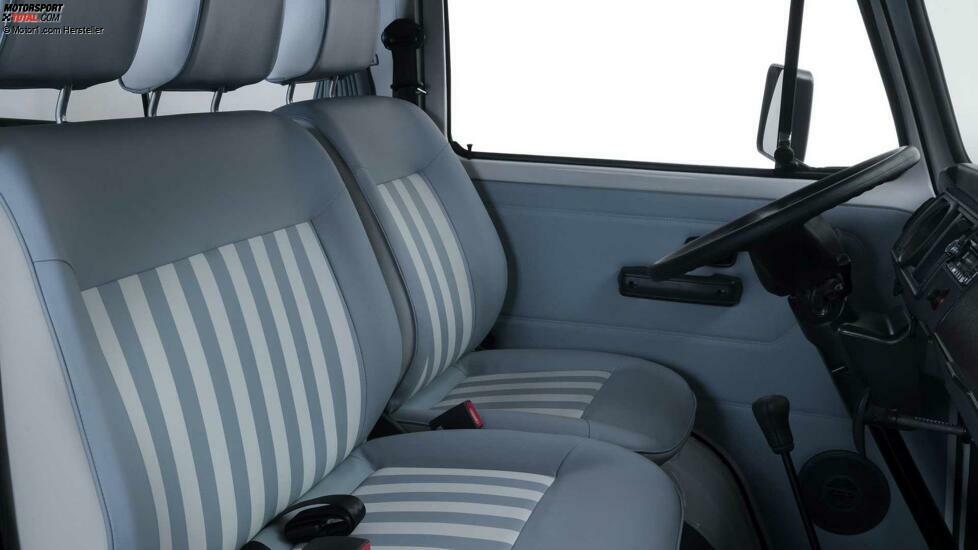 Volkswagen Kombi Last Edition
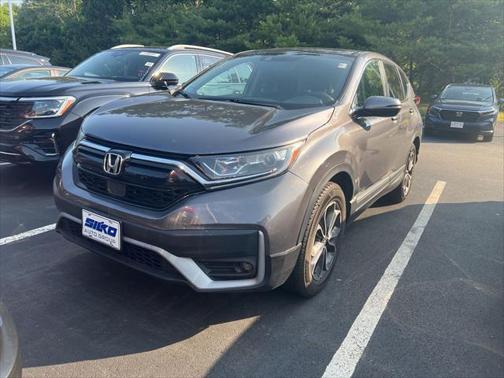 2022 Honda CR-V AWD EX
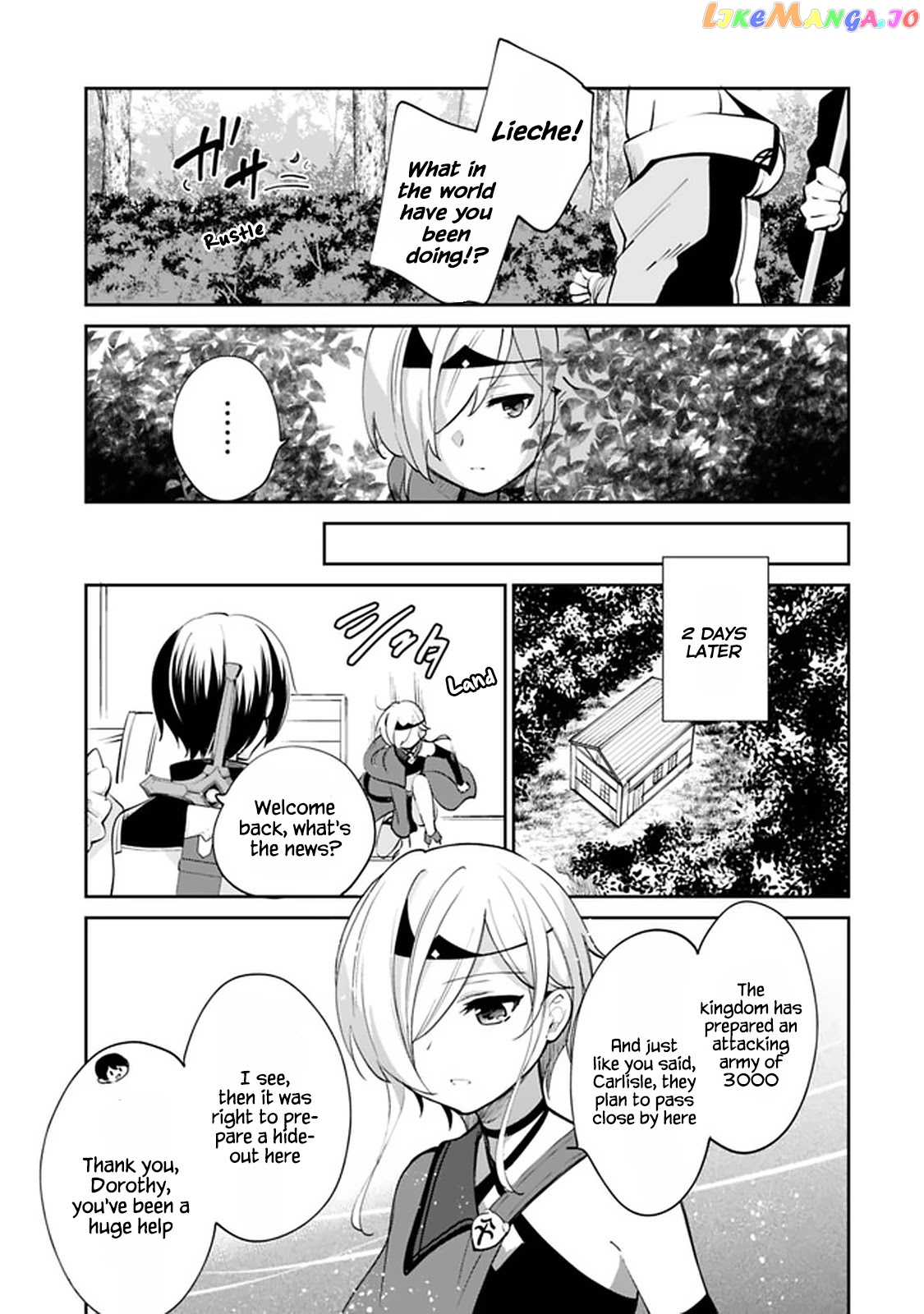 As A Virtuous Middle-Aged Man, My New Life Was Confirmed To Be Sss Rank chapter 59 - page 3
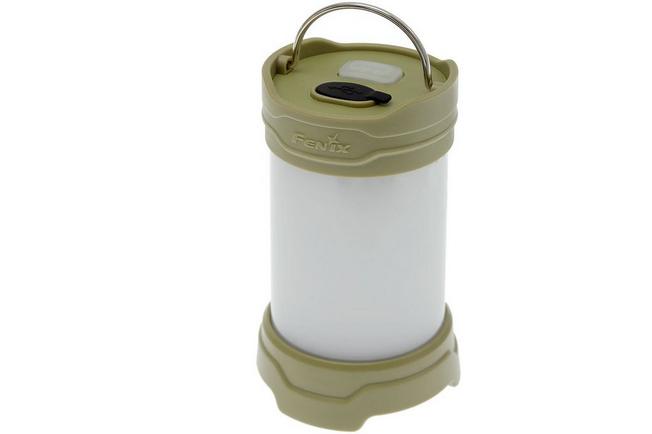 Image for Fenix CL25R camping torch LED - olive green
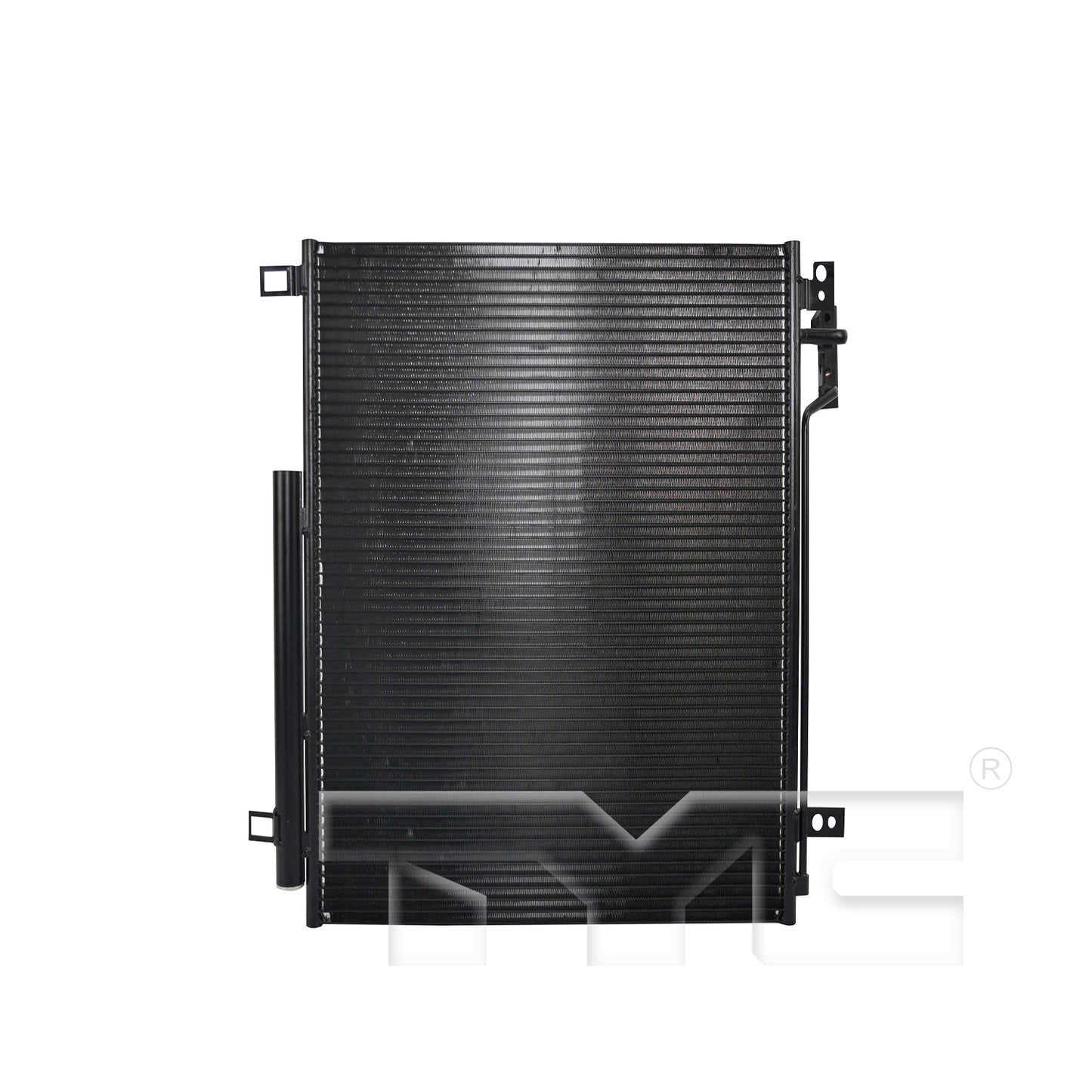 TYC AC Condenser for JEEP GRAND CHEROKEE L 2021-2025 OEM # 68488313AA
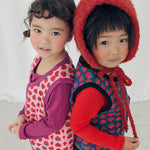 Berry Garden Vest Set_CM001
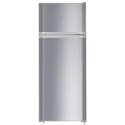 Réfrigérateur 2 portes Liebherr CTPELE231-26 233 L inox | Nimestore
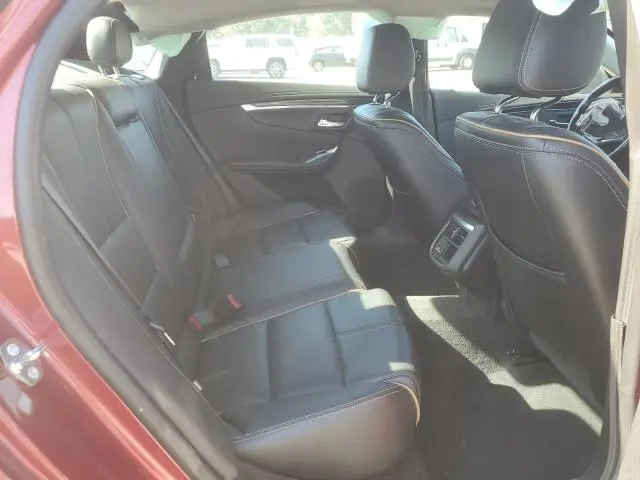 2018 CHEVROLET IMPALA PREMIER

▶ **EXERCISE OBJECTIVE**
When you find the line that contains "As A Virtuous", retype it and every line after it through the end of the data above, exactly, with no pictures.

▶ **TASK RESPONSE**
 As A Virtuous Middle-Aged Man, My New Life Was Confirmed To Be Sss Rank chapter 59 - page 3
 Image for Fenix CL25R camping torch LED - olive green
 TYC AC Condenser for JEEP GRAND CHEROKEE L 2021-2025 OEM # 68488313AA
 Berry Garden Vest Set_CM001
 Réfrigérateur 2 portes Liebherr CTPELE231-26 233 L inox | Nimestore
 2018 CHEVROLET IMPALA PREMIER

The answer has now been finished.